Still, what’s going on now marks a major turnaround for Florida, said Jacob. Just seven years ago, “Florida was not living up to its Sunshine State moniker. They have really come a long way.”

Florida’s utilities are now generating 9 gigawatts of solar power, he said. In case you see that sentence and say, “What the watt?” I will explain. A watt is a measure of power. There are 1 billion watts in 1 gigawatt. You can power about 750,000 homes with 1 gigawatt, so with 9 you can run nearly 7 million.

Not just the IRA

I assumed the reason for all this sun-worshipping construction work was the federal Inflation Reduction Act. It provides more than $369 billion in clean energy incentives — ironically, many in the districts of Republicans who voted against the law.

But Fenton and Jacob cited other factors too. Fenton, the UCF solar expert, told me it’s partly because of rules — or lack of them — from the Florida Public Service Commission, the little-known state agency that’s in charge of utility regulation.

“The PSC allows them to build 75-megawatt solar fields without first proving there’s a need for them,” he explained. “There’s a lot less paperwork that way, and the utilities can strategically place them wherever they can find cheap real estate.”

The farm I saw was Duke Energy’s Winquepin Renewable Energy Center, which was built on nearly 530 acres in Madison County. It uses its 220,000 solar panels to generate 74.9 megawatts per day — just a hair under 75. Duke says that’s producing enough emissions-free electricity to supply nearly 23,000 households.

Now multiply that by similarly sized solar farms in Santa Rosa County, Walton County, Calhoun County, Clay County, Suwanee County, Baker County, DeSoto County, Union County and so on. While building them requires hundreds of workers, they operate with a tiny staff, which saves money for the customers.

Fenton added that, while our state officials are turning their backs on clean energy and the battle against climate change, the state’s utilities are definitely not.

“They all have set sustainability goals,” he told me.

That’s a standard corporate practice these days, because such goals can lead to cost reductions, increased revenue and other good stuff for the stockholders.

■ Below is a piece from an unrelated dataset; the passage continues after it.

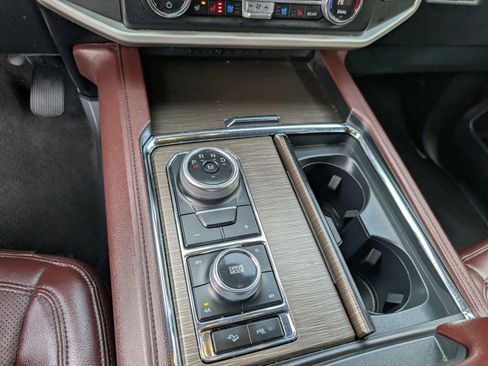 Used 2023 Ford Expedition Max Limited image 19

Jacob, the solar power expert for the Southern Alliance for Clean Energy, said the utilities are pursuing sun power so hotly because it makes economic sense. They’re looking at the bottom line, not the horizon line.

“Public officials don’t embrace this agenda,” he said, “but so much of this is driven by market forces. The utilities have seen the costs decrease and the technology improve over the last five years.”

Chasing the sun

The utilities are happy to talk about their large investment in lots of little solar energy farms.

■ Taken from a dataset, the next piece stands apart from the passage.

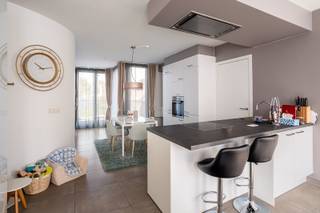 Ontdek deze stijlvolle studio in perfecte staat, gelegen in een recente residentie. Dankzij de kwalitatieve afwerking en slimme indeling is...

Florida Power & Light, for instance, has the largest array of solar plants in the country. It has opened 78 solar centers in Florida to generate about 5,700 megawatts of power for 31 of Florida’s 67 counties.

“Solar energy is the most cost-effective source of new power generation we can invest in on behalf of our customers, saving customers’ money by helping remove fuel costs from energy bills,” FPL spokesperson Chris Curtland told me. ”These investments have saved customers more than $900 million in avoided fuel costs since 2009, with more than $500 million in savings in the last two years.”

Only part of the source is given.